Indeed, Democratic Speaker Eileen Filler-Corn (D-Fairfax) announced Monday that the Virginia House of Delegates would meet virtually for the upcoming session, expecting a repeat of the previous session’s shenanigans:

Small problem with that.

Filler-Corn was quickly one-upped (and reminded) by Republican Senate Leader Tommy Norment (R-James City) and Republican House Leader Todd Gilbert (R-Woodstock), who jointly announced the session would be limited to 30 days per the Virginia constitution.

There is little indication that Filler-Corn or the leadership in the Democratic-controlled General Assembly even bothered to discuss the finer points of governing-by-recliner.

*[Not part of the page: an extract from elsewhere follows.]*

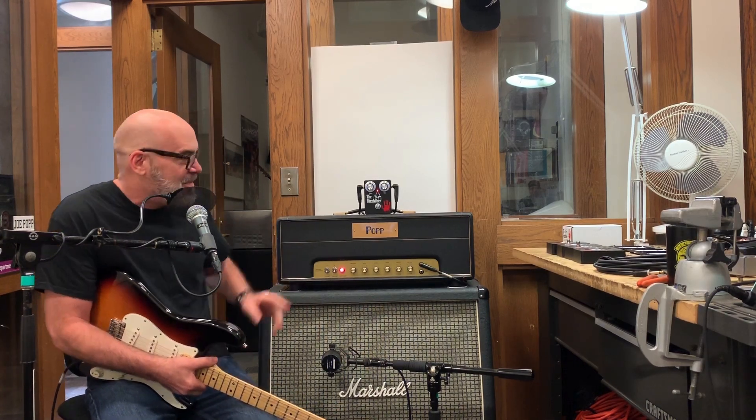Hey everybody, Joe Pop from Pop Rock Shop. Today is a big day — it's Father's Day — and what a perfect time to introduce our first offering from Pop Rock Shop: the Fuzz Father. Let's just run down the test rig real quick.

The law however is quite clear.

Under the Virginia Constitution, the General Assembly meets annually. In even-numbered years, the session is limited to 60 days. In odd-numbered years, the session is limited to 30 days. But there is a catch — with a two-thirds vote, the short sessions can be extended by up to 30 days.  Now for as long as anyone can remember, the short session has been extended to 45 or 46 days every year.

Yet as Republicans hold more than enough votes to block the procedural move required to extend the session and the progressive arm of the Democratic Party continues to govern under a lockdown mentality, given the “long parliament” there seems to be little appetite from either House or Senate Republicans to continue to waste taxpayer dollars and collect per diems for doing… well, nothing.

“Considering the lengthy regular and special sessions held this year, the General Assembly should be able to complete its work for 2021 in the 30 days the Constitution allows,” said Norment.  “This year’s regular session lasted 65 days and the special session stretched out over 84.”

The Constitution limits the duration of General Assembly sessions to ensure we have a citizen legislature, not one populated by full-time politicians,” Gilbert noted.  “Given that we’ve already addressed the primary purpose of the upcoming session, amending the state budget, it makes sense that we keep within the constitutional minimum until the people of Virginia can once again fully participate in their government.

A 30 day session with at least one half of the General Assembly meeting virtually would be one of the least productive sessions in history.

Yet given the Democratic agenda — further attempts to restrict firearms, repealing right-to-work, defunding and complicating matters for state and local law enforcement, enacting an expensive carbon tax, enacting gas rationing for transportation, and raising taxes yet again on working class families — that’s probably not the worst thing for Virginia.